Tuba: How do RNA therapies work specifically in eye disorders?
Dr. Koenekoop: RNA stands for ribonucleic acid and it is an essential component of all living cells. RNA is used for ‘translation’, the process in which proteins are created in a cell. RNA itself is produced from DNA, in a process called ‘transcription’.
An RNA therapy is designed to correct the mistake, or mutation, in the RNA of someone with a genetic disease. This process is novel and is called genetic editing. By correcting the mistake, the RNA can then be used to create the protein that the cell needs and without the mutation(s), taking away the underlying cause of the disease.
For a drug to work it first has to get into the body. RNA therapies work best if they are delivered directly to the affected organ. In the case of retinal diseases, RNA therapies can be injected into the vitreous of the eye, which is a cavity filled with a jelly-like fluid. This delivery method is known as an intravitreal injection. Intravitreal injection is one of the most commonly performed procedures for eye diseases. The procedure is performed by eye doctors (Ophthalmologists) for common conditions such as age-related macular degeneration, diabetic retinopathy, and retinal vein occlusion in adults and in infants with retinopathy of prematurity. Intravitreal delivery is different from sub-retinal injection used for gene therapy which requires complicated retinal surgery and is local.
Tuba: QR-421a has the potential to stabilize vision. Justify the statement.
Dr. Koenekoop: Best-corrected visual acuity, or BCVA, is a measure of central vision, or sharpness of sight, as measured on an Early Treatment of Diabetic Retinopathy Study (ETDRS) letter chart.
In the Stellar trial, across all treated patients (n=14), a mean benefit of 6.0 letters was observed at week 48 in the treated eyes compared to the untreated (contralateral) eyes after a single injection.
Among advanced disease patients (n=6), a mean benefit of 9.3 letters was observed at week 48 in the treated eyes as compared to the untreated eyes, and the benefit was maintained for >12 months. All six advanced patients had a benefit in the treatment eye, whereas none of the patients in the sham group had a benefit in the treatment eye. The sham-treated control patients continued to lose their visual acuity.
These results support the belief that QR-421a has the potential to stabilize vision for patients with Usher syndrome and non-syndromic RP due to USH2A exon 13 mutations.
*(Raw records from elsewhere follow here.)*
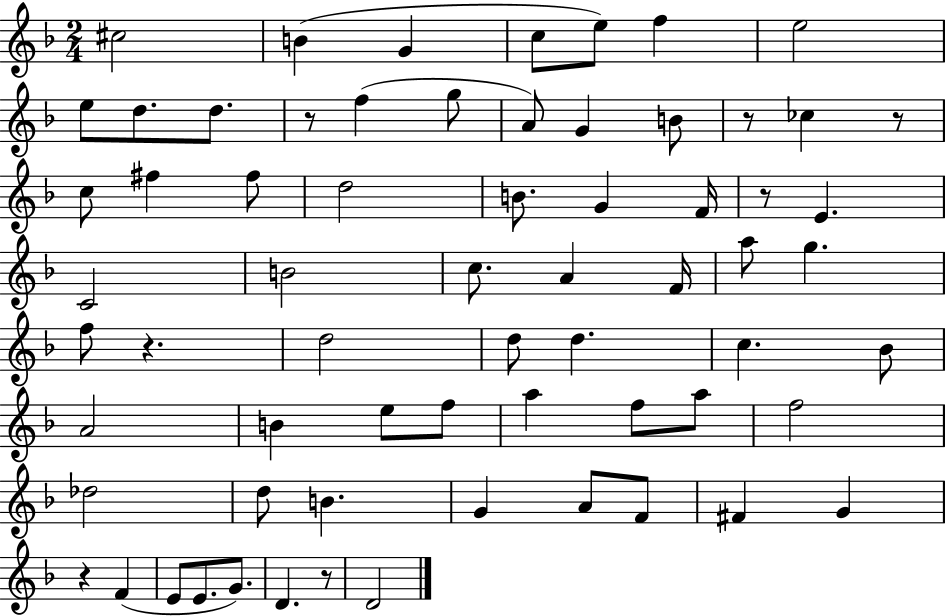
{
  \clef treble
  \numericTimeSignature
  \time 2/4
  \key f \major
  cis''2 | b'4( g'4 | c''8 e''8) f''4 | e''2 | \break e''8 d''8. d''8. | r8 f''4( g''8 | a'8) g'4 b'8 | r8 ces''4 r8 | \break c''8 fis''4 fis''8 | d''2 | b'8. g'4 f'16 | r8 e'4. | \break c'2 | b'2 | c''8. a'4 f'16 | a''8 g''4. | \break f''8 r4. | d''2 | d''8 d''4. | c''4. bes'8 | \break a'2 | b'4 e''8 f''8 | a''4 f''8 a''8 | f''2 | \break des''2 | d''8 b'4. | g'4 a'8 f'8 | fis'4 g'4 | \break r4 f'4( | e'8 e'8. g'8.) | d'4. r8 | d'2 | \break \bar "|."
}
Tuba: What does this drug mean for people living with Usher syndrome and retinitis pigmentosa?
Dr. Koenekoop: QR-421a represents what may be the first approved therapy to stabilize vision for people living with Usher syndrome and non-syndromic RP due to USH2A exon 13 mutations. ProQR looks forward to advancing this drug candidate to pivotal testing to potentially help these patients in dire need.
Tuba: As there are no treatments for the rare blindness disorder, what motivates ProQR to work in this space?
Dr. Koenekoop: This remains the sole focus of the company today. ProQR has built a platform to develop highly targeted therapies to address the underlying cause of inherited retinal diseases to stop or reverse vision loss.
At McGill University, he is currently Professor of Pediatric Surgery, Human Genetics and Adult Ophthalmology. He saw the light in the retina clinic and finished his residency in Ophthalmology at McGill and his Ocular Genetics and Pediatric Ophthalmology Fellowships at Johns Hopkins University.